İlhan Selçuk için-OKTAY EKŞİ,Hürriyet
SADECE basınımız değil, Türkiye Cumhuriyeti’nin, kuruluş felsefesine bağlı değerleri koruyarak çağdaş uygarlığı ve çağdaş demokrasiyi en kısa zamanda yakalayacağına inananlar kuşağı da, İlhan Selçuk’un aramızdan ayrılmasıyla çok önemli bir gücünü kaybetti.
Selçuk, fevkalade güçlü bir kalem, mangal gibi bir yürekti.
Mükemmel bir analiz yeteneğiyle Atatürkçülerin ışık ve enerji merkeziydi. Hiçbir haksızlık ve hiçbir işkence onu inandığı idealler için verdiği kavgadan vazgeçiremedi.
Nitekim mücadele ideal arkadaşlarından bazılarını bu yüzden derin bir acıyla bağrına gömdü.
Çünkü bu tiplerin en önemli meselesinin, kendi kişisel huzurları olduğunu görmek onu, karşıtlarının ahlaksızlığından ve engellerinden daha çok yaraladı.
Bu “eyyamcı”ların sade suya tirit yazılarla sütun doldurmasını üzüntü ile saptadı ama -bildiğimiz kadarıyla- yüzlerine hiç vurmadı.
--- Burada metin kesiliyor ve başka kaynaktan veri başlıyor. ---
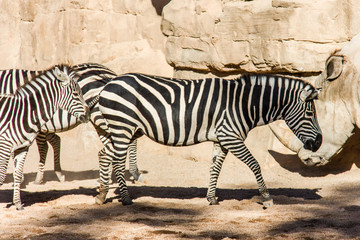 Fototapeta na wymiar A group of zebras grazing in a rocky landscape. A rhinoceros in the background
Hoş aslında Selçuk’un bu bağlamda bir temel yanılgısı vardı. Türkiye’deki “sömürü düzenine” karşı mücadele ederken o kişilerle birlikteydiler ama gerçek şu ki, Türkiye’nin temel değerleri konusunda görüşleri çok farklıydı. Örneğin Selçuk tüm çözümleri “ulus-devlet” zemininde ararken ötekiler sadece “ulus-devlet”ten değil, o devleti kurandan bile (hadi nefret ediyorlardı demeyelim) hazzetmiyorlar, en azından küçümsüyorlardı.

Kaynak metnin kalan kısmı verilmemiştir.